IN THE MATTER OF THE CLAIM OF KENNETH R. ADKINSON, Claimant, v. NATIONAL ROOTER, Employer, and STATE FARM INSURANCE, Insurer, Respondents.

W.C. No. 4-197-635Industrial Claim Appeals Office.
August 11, 1995

FINAL ORDER

The respondents seek review of a final order of Chief Administrative Law Judge Felter (ALJ) insofar as it awarded temporary total disability benefits and imposed a penalty for the respondents’ improper termination of benefits. The claimant seeks review of the order insofar as it determined the penalty period. We affirm the order in part, set it aside in part, and remand for entry of an additional order.

The claimant sustained the industrial injury in 1993. On October 17, 1994, the claimant’s treating physician released the claimant for limited duty to work four hours per day. The claimant worked through October 28, 1994.

The ALJ found that the respondent-employer terminated the claimant on October 28 because he did not possess a necessary driver’s license. Approximately one week later, the claimant was told that there would be no work available for him even if he obtained a driver’s license.

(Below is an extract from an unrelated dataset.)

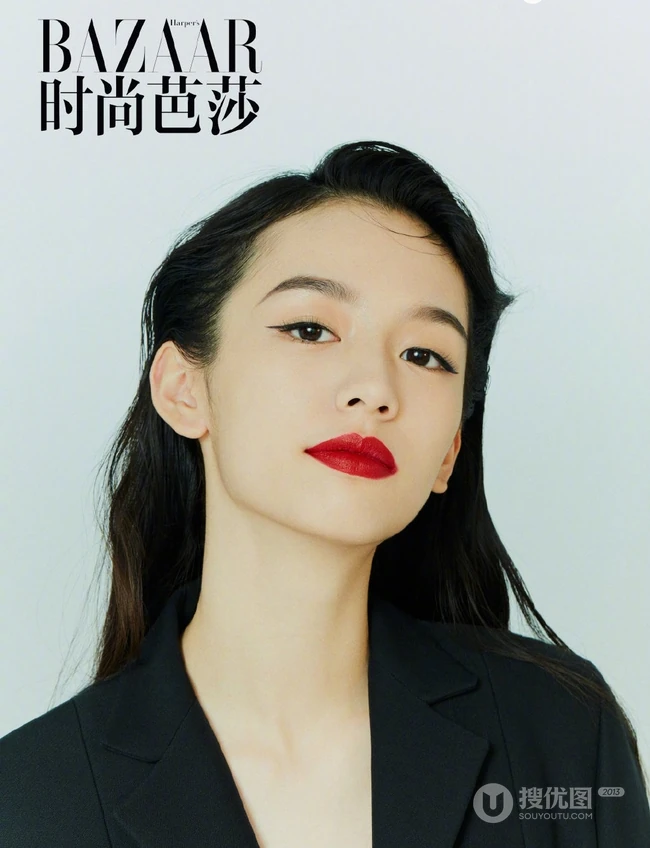女明星周也大背梳发型登《时尚芭莎》写真杂志大片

The respondents did not admit liability for temporary total disability benefits after October 28, 1994. In fact, on November 4, 1994, the respondents filed an admission terminating temporary total disability benefits as of October 16, without any admission for temporary partial benefits. However, as of December 6, 1994, the respondents filed an admission and began paying temporary partial disability benefits retroactive to October 17, 1994. The respondents also filed an admission, dated February 16, 1995, admitting liability for temporary partial disability benefits from October 17, 1994 through January 9, 1995.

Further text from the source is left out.